Work instruction – Some lines below hold "Square". Pick them out and copy them.

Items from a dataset
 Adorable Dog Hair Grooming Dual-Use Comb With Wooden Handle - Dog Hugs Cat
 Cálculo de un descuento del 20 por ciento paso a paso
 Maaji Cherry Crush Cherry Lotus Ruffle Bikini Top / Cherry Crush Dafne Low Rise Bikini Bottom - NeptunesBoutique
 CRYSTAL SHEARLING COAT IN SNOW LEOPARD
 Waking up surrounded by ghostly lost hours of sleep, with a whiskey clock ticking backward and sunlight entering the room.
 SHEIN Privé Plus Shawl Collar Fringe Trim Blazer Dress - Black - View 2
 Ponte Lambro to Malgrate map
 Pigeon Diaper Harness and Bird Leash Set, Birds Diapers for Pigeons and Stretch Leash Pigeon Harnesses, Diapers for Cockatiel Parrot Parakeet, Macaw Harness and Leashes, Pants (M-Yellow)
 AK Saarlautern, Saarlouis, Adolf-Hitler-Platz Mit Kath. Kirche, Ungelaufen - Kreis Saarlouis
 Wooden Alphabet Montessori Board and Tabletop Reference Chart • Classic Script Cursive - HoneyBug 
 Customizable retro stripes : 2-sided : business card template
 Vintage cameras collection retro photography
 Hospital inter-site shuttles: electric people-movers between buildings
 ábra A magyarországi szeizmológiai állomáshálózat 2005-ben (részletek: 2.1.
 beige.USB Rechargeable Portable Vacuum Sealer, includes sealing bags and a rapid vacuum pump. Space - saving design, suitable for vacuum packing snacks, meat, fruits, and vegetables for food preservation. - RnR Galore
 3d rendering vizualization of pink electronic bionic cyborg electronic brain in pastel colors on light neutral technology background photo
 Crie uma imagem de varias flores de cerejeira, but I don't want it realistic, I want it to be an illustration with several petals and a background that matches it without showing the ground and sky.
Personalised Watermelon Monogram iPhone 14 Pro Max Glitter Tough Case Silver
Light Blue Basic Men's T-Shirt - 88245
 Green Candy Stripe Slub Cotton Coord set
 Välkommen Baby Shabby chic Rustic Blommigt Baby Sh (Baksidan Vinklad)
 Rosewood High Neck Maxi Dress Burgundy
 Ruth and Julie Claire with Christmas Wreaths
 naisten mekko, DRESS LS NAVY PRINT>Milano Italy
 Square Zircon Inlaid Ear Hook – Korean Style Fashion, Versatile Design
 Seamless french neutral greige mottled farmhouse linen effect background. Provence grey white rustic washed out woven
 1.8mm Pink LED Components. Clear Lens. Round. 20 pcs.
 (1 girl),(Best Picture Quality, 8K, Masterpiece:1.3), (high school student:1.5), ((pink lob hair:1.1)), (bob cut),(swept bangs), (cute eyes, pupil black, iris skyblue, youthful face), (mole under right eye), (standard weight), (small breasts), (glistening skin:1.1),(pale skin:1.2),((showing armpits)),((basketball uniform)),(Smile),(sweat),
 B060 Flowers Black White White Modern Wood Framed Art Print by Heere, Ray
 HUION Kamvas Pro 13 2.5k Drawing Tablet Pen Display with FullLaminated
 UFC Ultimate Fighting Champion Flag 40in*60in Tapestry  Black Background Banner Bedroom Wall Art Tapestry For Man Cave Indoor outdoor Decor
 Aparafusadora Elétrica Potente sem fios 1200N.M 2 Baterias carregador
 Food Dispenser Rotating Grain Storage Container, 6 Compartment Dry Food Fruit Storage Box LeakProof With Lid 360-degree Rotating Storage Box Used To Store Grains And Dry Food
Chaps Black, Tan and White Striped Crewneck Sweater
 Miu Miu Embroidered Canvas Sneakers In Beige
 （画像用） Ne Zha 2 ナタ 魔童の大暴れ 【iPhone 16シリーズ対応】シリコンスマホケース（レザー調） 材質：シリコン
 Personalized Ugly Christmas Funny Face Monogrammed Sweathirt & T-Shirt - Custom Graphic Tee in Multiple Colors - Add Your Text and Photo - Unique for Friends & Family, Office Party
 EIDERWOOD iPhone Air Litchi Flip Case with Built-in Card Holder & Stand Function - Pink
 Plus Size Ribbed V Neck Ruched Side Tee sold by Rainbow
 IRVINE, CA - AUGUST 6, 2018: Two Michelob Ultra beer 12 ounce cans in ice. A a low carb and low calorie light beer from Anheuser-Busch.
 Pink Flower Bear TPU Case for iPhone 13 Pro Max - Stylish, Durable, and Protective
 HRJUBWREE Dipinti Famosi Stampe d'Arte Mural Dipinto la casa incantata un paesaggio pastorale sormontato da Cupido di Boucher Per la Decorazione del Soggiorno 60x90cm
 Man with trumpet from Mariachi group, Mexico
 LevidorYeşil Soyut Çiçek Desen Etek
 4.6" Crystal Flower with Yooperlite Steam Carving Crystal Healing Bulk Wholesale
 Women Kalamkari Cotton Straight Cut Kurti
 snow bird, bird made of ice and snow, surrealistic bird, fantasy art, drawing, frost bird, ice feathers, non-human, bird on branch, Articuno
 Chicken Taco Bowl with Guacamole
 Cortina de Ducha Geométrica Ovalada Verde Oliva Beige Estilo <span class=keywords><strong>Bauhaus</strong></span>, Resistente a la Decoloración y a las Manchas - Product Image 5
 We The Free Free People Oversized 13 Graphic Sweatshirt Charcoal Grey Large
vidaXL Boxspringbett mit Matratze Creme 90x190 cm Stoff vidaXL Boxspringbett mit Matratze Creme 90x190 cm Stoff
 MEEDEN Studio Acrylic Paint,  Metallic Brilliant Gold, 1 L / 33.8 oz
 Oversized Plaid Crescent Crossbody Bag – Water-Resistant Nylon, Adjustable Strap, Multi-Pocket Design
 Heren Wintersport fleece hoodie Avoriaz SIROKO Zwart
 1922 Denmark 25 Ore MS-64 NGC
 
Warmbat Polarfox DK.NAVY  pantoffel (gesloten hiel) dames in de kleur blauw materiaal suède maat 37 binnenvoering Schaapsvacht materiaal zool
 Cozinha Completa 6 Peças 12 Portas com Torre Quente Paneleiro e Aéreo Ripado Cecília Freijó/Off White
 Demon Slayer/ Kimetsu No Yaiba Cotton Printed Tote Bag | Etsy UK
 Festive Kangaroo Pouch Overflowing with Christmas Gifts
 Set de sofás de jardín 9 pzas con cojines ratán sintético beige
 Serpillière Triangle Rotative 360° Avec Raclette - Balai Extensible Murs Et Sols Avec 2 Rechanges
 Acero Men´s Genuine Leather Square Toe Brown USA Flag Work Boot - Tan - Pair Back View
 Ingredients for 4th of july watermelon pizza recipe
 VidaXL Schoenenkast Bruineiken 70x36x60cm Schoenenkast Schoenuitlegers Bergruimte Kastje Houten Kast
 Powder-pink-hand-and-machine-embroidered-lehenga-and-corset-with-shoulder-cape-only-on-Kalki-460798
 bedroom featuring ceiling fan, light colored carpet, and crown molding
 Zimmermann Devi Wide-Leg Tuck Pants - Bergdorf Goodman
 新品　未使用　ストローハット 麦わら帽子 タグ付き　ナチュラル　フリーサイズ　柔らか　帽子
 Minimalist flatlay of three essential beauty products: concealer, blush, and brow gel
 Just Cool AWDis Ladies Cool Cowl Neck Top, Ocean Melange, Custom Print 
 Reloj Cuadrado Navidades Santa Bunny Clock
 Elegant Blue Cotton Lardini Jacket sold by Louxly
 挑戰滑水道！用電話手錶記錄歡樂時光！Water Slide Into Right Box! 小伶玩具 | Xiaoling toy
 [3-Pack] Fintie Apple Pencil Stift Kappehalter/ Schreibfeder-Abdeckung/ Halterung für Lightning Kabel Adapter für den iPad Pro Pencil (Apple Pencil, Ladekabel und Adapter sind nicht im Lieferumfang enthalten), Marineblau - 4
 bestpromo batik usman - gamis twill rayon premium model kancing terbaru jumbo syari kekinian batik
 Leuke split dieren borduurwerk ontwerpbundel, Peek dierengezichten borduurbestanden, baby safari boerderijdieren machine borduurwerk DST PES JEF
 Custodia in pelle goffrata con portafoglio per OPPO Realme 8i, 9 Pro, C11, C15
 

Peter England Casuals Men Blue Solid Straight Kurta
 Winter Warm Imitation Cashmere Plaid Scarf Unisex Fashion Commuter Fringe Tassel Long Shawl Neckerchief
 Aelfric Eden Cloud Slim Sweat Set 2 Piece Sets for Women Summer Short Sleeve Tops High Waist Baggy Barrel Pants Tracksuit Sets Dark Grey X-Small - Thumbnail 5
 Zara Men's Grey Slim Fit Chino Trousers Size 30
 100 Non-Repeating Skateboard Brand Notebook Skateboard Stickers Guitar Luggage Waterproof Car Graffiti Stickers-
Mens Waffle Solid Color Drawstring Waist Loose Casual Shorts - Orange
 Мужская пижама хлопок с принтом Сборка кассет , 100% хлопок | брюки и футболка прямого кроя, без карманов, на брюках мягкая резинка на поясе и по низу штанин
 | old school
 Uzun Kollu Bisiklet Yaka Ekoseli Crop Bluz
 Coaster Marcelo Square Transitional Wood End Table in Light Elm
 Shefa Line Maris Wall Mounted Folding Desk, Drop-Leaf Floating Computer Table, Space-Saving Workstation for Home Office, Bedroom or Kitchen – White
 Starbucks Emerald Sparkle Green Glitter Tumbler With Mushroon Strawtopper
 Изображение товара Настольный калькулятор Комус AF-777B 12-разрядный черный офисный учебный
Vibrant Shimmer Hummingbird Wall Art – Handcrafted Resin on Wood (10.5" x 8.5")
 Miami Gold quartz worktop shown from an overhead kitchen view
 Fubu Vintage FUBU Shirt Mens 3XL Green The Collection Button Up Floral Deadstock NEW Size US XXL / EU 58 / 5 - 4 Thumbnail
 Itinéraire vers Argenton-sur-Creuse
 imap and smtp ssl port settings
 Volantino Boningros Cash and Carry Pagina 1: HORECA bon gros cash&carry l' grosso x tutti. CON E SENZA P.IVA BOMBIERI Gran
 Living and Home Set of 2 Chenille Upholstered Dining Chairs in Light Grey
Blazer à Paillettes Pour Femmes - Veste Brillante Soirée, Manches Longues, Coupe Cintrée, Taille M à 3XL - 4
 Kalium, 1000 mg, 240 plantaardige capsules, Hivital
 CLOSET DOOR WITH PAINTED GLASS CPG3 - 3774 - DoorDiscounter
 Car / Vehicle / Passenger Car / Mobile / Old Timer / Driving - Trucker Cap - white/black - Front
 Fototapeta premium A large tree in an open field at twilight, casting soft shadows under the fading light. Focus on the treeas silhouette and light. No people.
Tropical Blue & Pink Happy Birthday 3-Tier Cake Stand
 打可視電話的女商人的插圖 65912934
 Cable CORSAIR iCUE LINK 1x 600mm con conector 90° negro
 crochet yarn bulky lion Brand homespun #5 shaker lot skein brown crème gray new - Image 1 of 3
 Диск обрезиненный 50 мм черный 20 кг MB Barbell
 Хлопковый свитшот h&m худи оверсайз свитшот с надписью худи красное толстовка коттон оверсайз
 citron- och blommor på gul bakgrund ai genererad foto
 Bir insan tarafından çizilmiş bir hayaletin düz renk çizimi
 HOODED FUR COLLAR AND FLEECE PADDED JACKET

Finished exercise –
 Square Zircon Inlaid Ear Hook – Korean Style Fashion, Versatile Design
 Acero Men´s Genuine Leather Square Toe Brown USA Flag Work Boot - Tan - Pair Back View
 Coaster Marcelo Square Transitional Wood End Table in Light Elm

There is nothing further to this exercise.